• _YOUR GOAL_:
Write out the material below again, line for line, without any images.

• _THE DATA_:
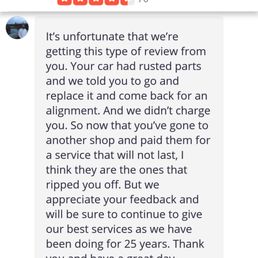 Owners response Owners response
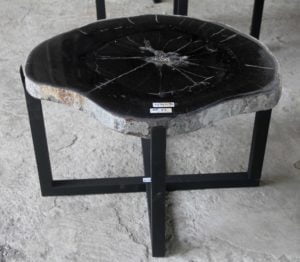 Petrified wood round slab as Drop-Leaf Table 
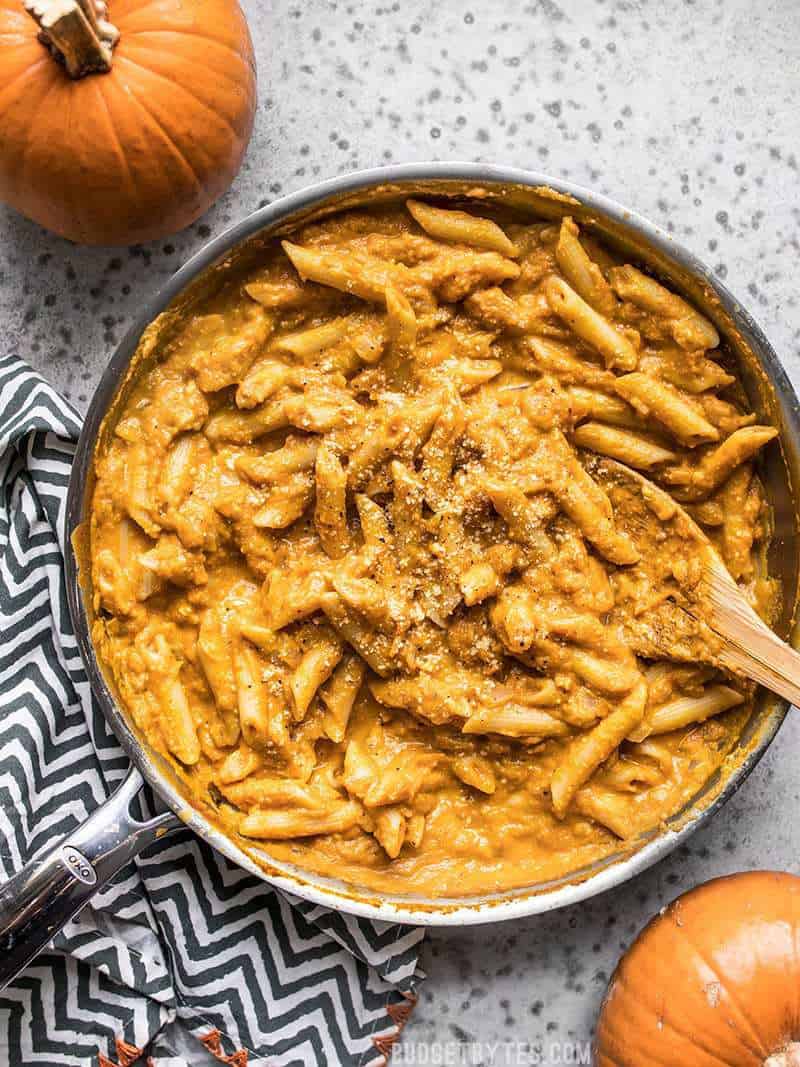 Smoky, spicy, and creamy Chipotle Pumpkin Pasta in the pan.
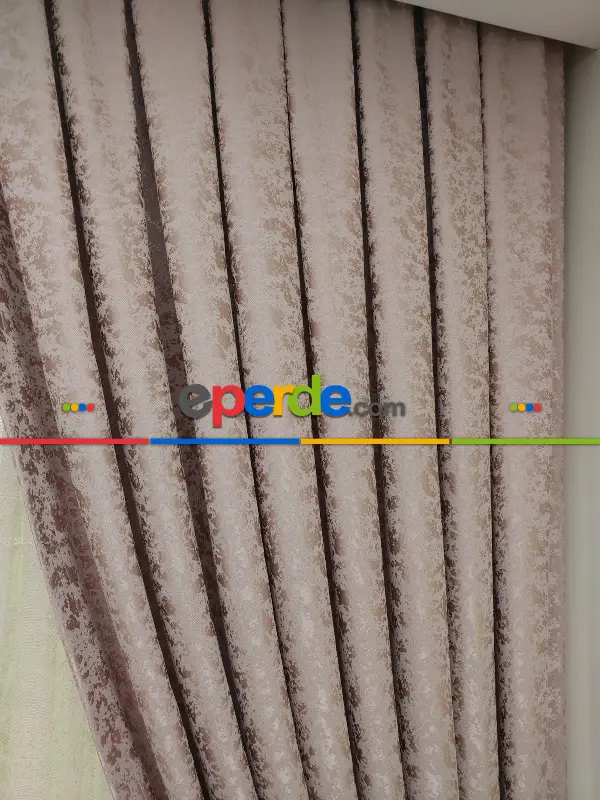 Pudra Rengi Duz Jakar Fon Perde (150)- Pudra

• _REPLY TO THE TASK_:
 Owners response Owners response
 Petrified wood round slab as Drop-Leaf Table 
 Smoky, spicy, and creamy Chipotle Pumpkin Pasta in the pan.
 Pudra Rengi Duz Jakar Fon Perde (150)- Pudra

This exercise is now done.